Au moment où la Côte d'Ivoire est engagée sur le chemin de l'émergence économique, les statistiques démontrent que les femmes sont encore sous représentées dans les structures et institutions publiques comme privées.
D'après les chiffres fournis par le Groupe des organisations féminines ivoiriennes œuvrant pour l'égalité entre hommes et femmes à tous les niveaux, le taux de représentativité des femmes aux postes de décision demeure faible. «Plus de 50 ans après l'indépendance de la Côte d'Ivoire, la situation des femmes de ce pays n'a pas connu de réels progrès. Pourtant, elles constituent plus de la moitié de la population ivoirienne, elles sont instruites autant que leurs frères; sont compétentes et ont démontré leurs capacités de gestion et de négociations lors de réunions de processus de paix », constate Rachel Gogoua, porte-parole de ce groupe d'organisations féminines ivoirienn
En juin 2014, ladite organisation a fait le point de la représentation des femmes à des postes décisionnels au sein du pouvoir. Au niveau du gouvernement, sur un total de 29 ministres, on dénombre cinq femmes, soit 17, 24%. A l'Assemblée nationale, sur les 249 députés qui y siègent, seules 26 sont des femmes, soit 5,6%. Par ailleurs, il n'y a que neuf femmes maires sur les 197 que compte la Côte d'Ivoire, soit 4,56%. Ces chiffres montrent bel et bien une inégale attribution des rôles sociaux. Ce que confirme le Pr Biaka Zasséli, doyen de l'UFR des Sciences de l'Homme et de la Société (SHS) à l'université d'Abidjan-Cocody. L'universitaire explique que si le développement repose sur les épaules de la femme, sa valeur reste malheureusement encore largement ignorée.

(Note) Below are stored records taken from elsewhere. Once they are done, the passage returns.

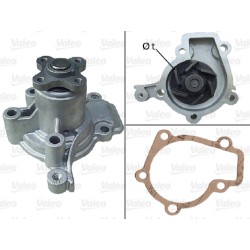 Pompe À Eau Moteur Pour Hyundai Trajet Trajet/Monospace Tucson Tucson/SUV Kia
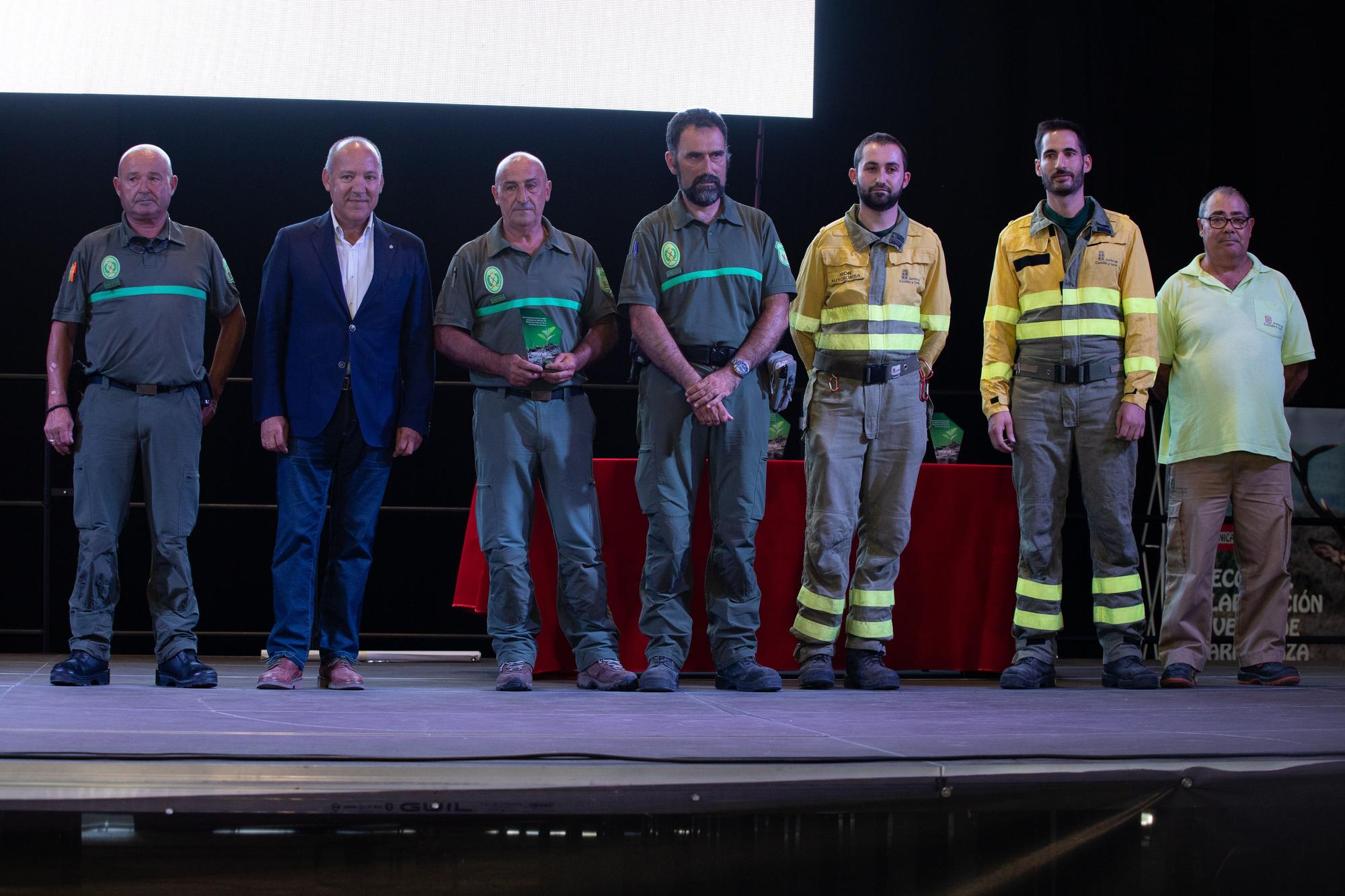 GALERÍA | Inauguración de la Feria Transfronteriza de Caza y Pesca Venandi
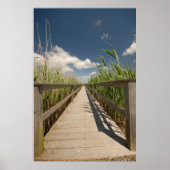 Poster dock privé (Devant)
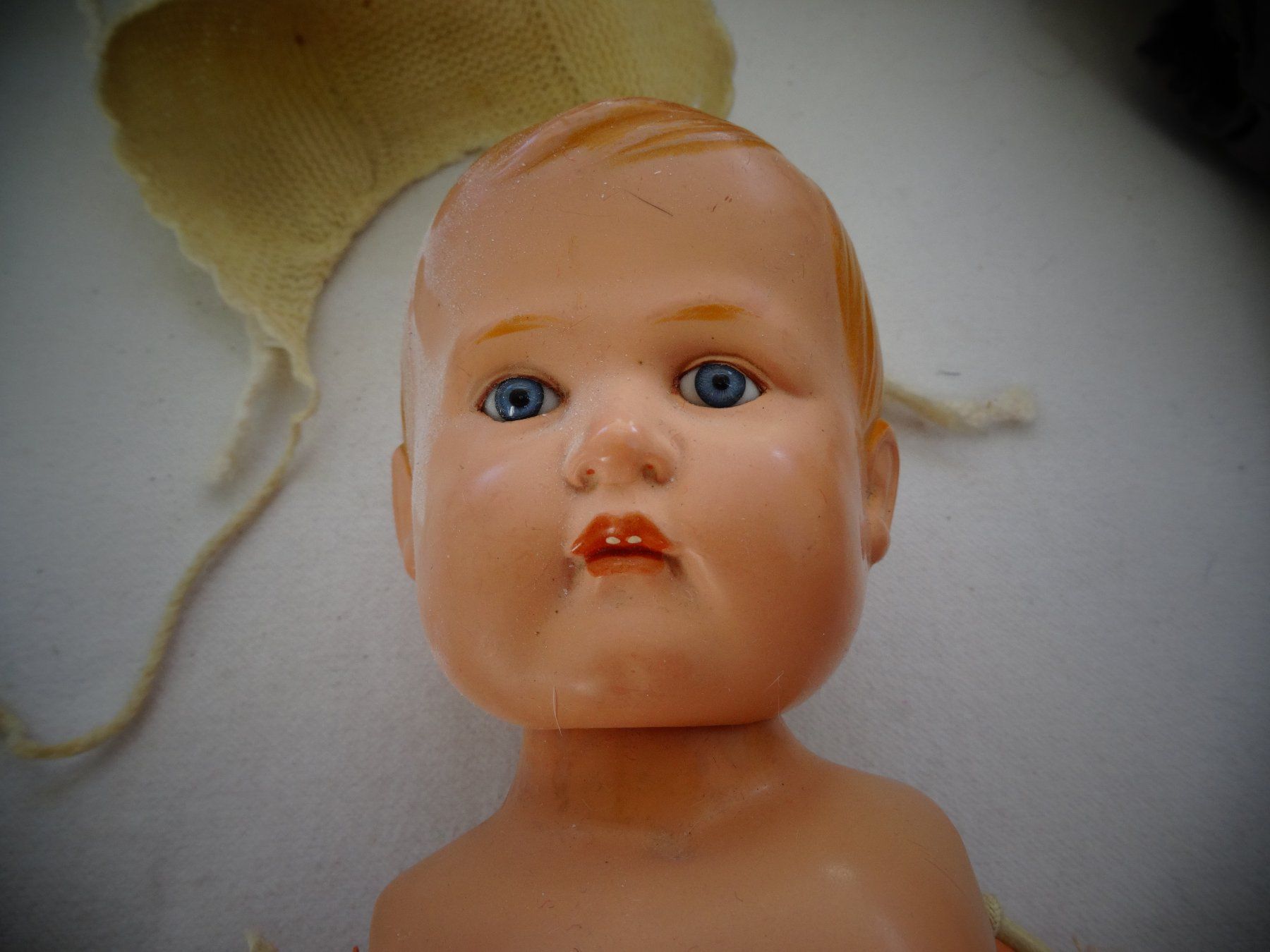 Poupées: Antike Puppe  mit Stempel – D'occasion à Neerach par jenny062 3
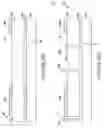 Fig. 97 - Wafer encapsulated microelectromechanical structure and method of manufacturing same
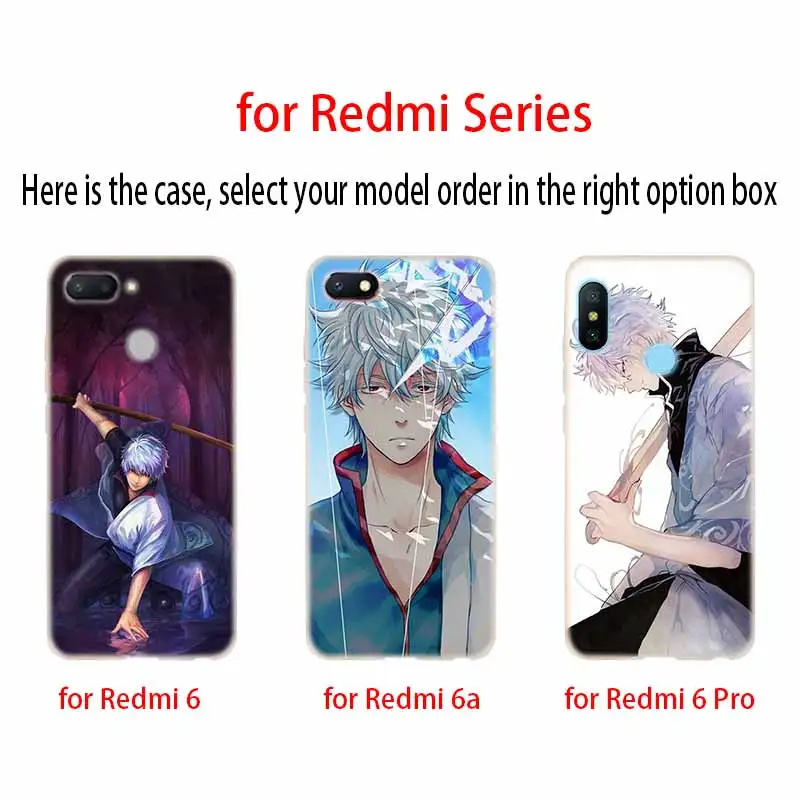 Силиконовый прозрачный чехол для Xiaomi Redmi 9A 8A 7A 6A 9AT Note 9 8 7 6 5 Pro 8T 9S|Бамперы| |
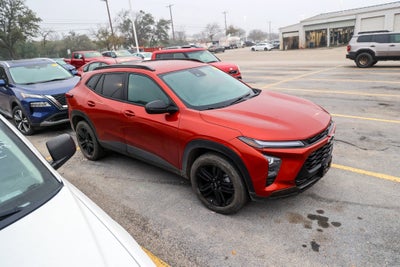 2024 Chevrolet Trax ACTIV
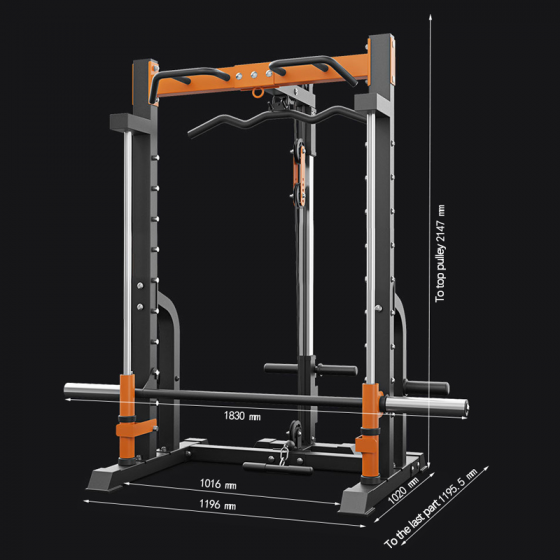 Complex Smith Machine Tbilisi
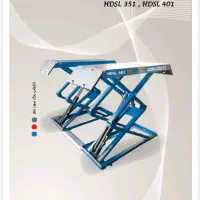 فروش انواع جک دوستون و قیچی و چهارستون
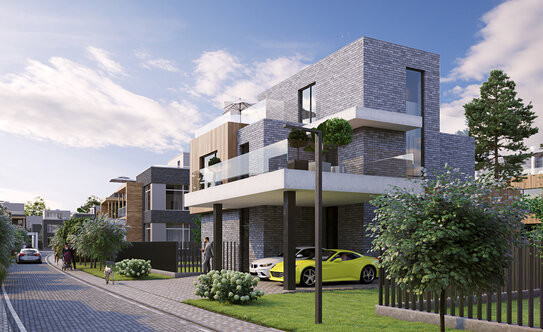 Коттеджные поселки в Нахабино - изображение 24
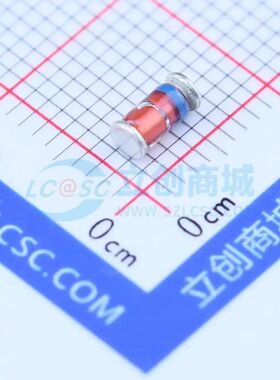 ZM4757A 稳压二极管 LL-41 停产 ZM4757A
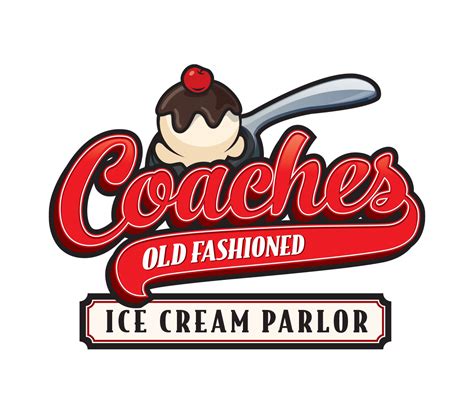 coaches ice cream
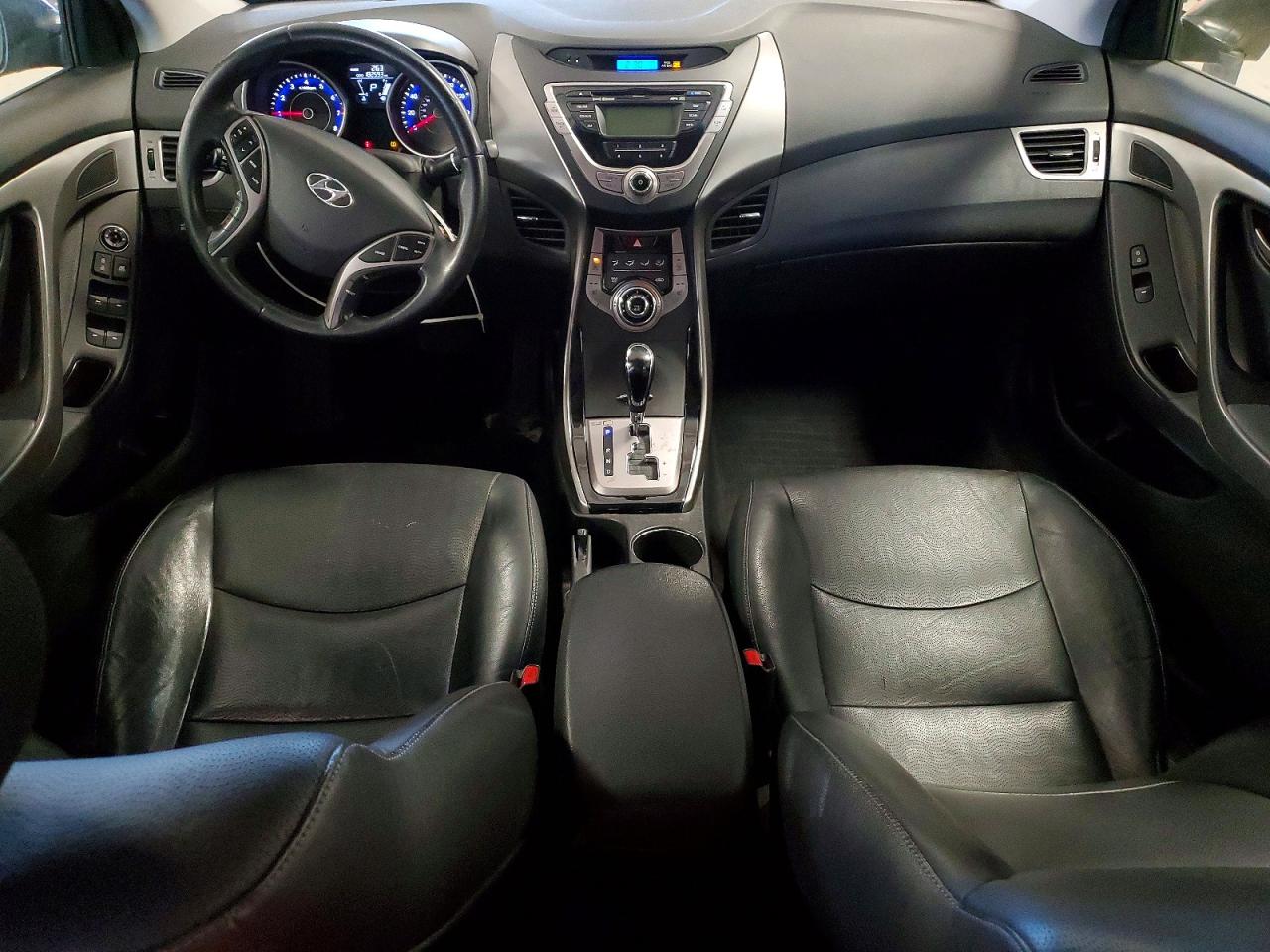 2013 HYUNDAI ELANTRA LIMITED photo 22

Les discriminations ont encore la peau dure dans le pays. Les réflexes patriarcaux et les stéréotypes sexistes habitent encore l'esprit de certains hommes. «Ce sont les hommes qui nomment. Comment voulez-vous alors qu'ils nomment le même nombre de femmes que d'hommes à des postes importants dans l'appareil décisionnel d'une institution privée ou publique,» se demande Hélène Akoun, une éducatrice.
L'Etat ivoirien a pourtant ratifié la plupart des textes internationaux destinés à lutter contre les discriminations à l'égard des femmes. En effet, la Côte d'Ivoire est partie prenante de différents instruments juridiques internationaux et régionaux comme la Résolution 1325 des Nations Unies, la Convention pour l'élimination de toutes formes de violences à l'égard des femmes, le Protocole de la Charte africaine des droits de l'Homme et des peuples relatif aux droits des femmes, la déclaration des chefs d'Etats de l'Union africaine et la déclaration des chefs d'Etats de la CEDEAO.
Sur le plan national, en août 2000, la Cote d'Ivoire s'est dotée d'une Constitution qui consacre l'égalité entre la femme et l'homme par une participation effective et paritaire à tous les niveaux et une politique écrite sur l'égalité des chances, l'équité et le genre.